= Prompt =
In the entries below, find the line with "ساعت مچی سه" and the line with "Gaoming glass teapot"; give again those lines and every line between them, exactly.

= Stored data =
------------------------------------

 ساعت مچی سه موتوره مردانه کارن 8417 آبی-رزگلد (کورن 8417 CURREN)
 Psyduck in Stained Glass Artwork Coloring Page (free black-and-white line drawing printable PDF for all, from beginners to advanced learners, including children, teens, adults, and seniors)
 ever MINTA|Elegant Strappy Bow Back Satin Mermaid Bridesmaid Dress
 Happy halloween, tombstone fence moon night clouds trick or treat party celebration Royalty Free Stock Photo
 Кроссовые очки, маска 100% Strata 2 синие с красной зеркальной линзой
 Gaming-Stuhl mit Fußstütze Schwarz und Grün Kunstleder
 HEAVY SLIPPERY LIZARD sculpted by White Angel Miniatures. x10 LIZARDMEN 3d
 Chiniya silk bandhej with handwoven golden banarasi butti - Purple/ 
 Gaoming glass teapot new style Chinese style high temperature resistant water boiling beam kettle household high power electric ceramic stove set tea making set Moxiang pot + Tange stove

------------------------------------

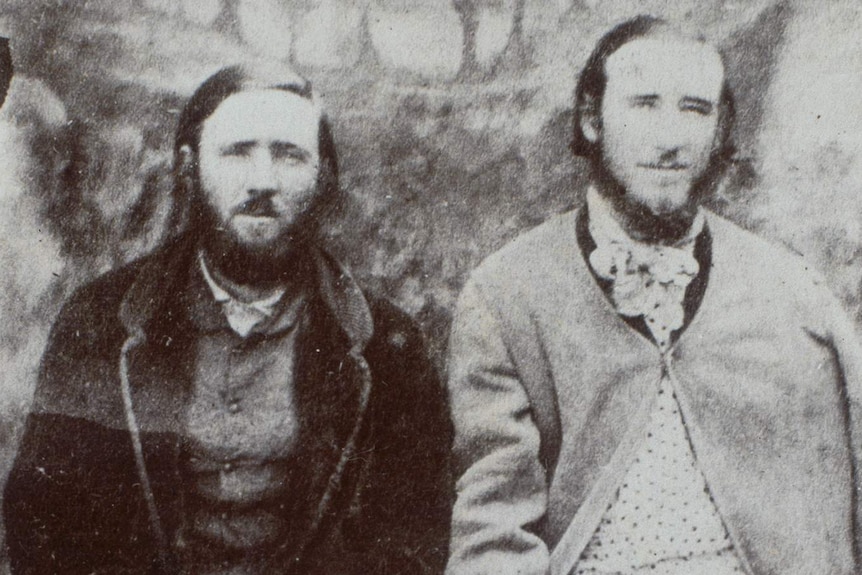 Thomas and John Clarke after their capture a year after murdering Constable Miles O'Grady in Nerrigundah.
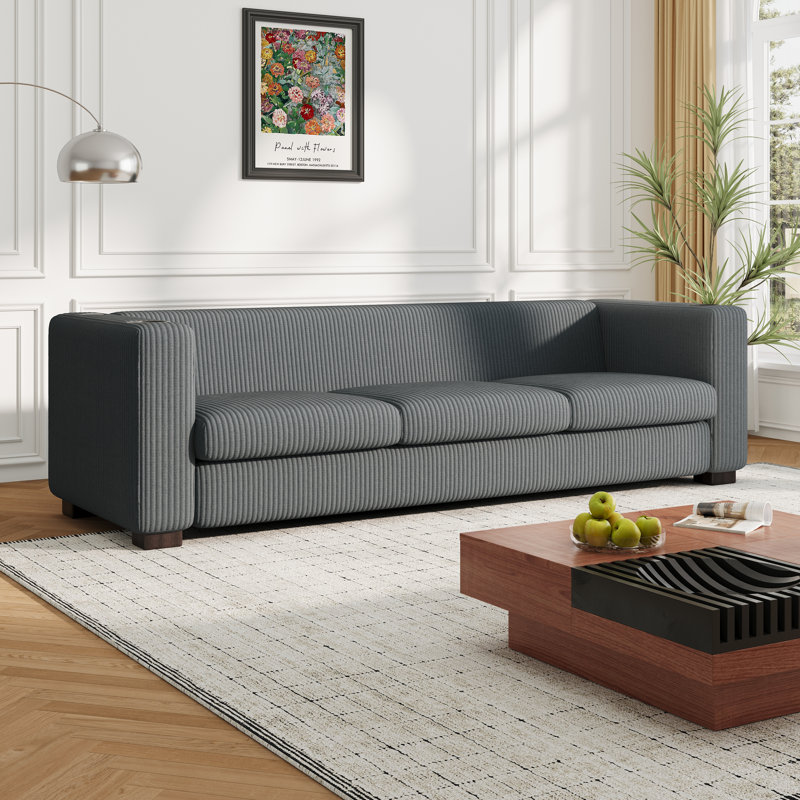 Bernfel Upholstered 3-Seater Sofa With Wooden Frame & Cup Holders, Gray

------------------------------------

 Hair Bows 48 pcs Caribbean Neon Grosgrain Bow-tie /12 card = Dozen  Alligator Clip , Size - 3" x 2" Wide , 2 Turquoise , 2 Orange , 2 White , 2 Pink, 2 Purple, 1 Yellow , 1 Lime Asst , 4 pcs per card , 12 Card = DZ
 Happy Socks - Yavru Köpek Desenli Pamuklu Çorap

------------------------------------

= Reply to the task =
 ساعت مچی سه موتوره مردانه کارن 8417 آبی-رزگلد (کورن 8417 CURREN)
 Psyduck in Stained Glass Artwork Coloring Page (free black-and-white line drawing printable PDF for all, from beginners to advanced learners, including children, teens, adults, and seniors)
 ever MINTA|Elegant Strappy Bow Back Satin Mermaid Bridesmaid Dress
 Happy halloween, tombstone fence moon night clouds trick or treat party celebration Royalty Free Stock Photo
 Кроссовые очки, маска 100% Strata 2 синие с красной зеркальной линзой
 Gaming-Stuhl mit Fußstütze Schwarz und Grün Kunstleder
 HEAVY SLIPPERY LIZARD sculpted by White Angel Miniatures. x10 LIZARDMEN 3d
 Chiniya silk bandhej with handwoven golden banarasi butti - Purple/ 
 Gaoming glass teapot new style Chinese style high temperature resistant water boiling beam kettle household high power electric ceramic stove set tea making set Moxiang pot + Tange stove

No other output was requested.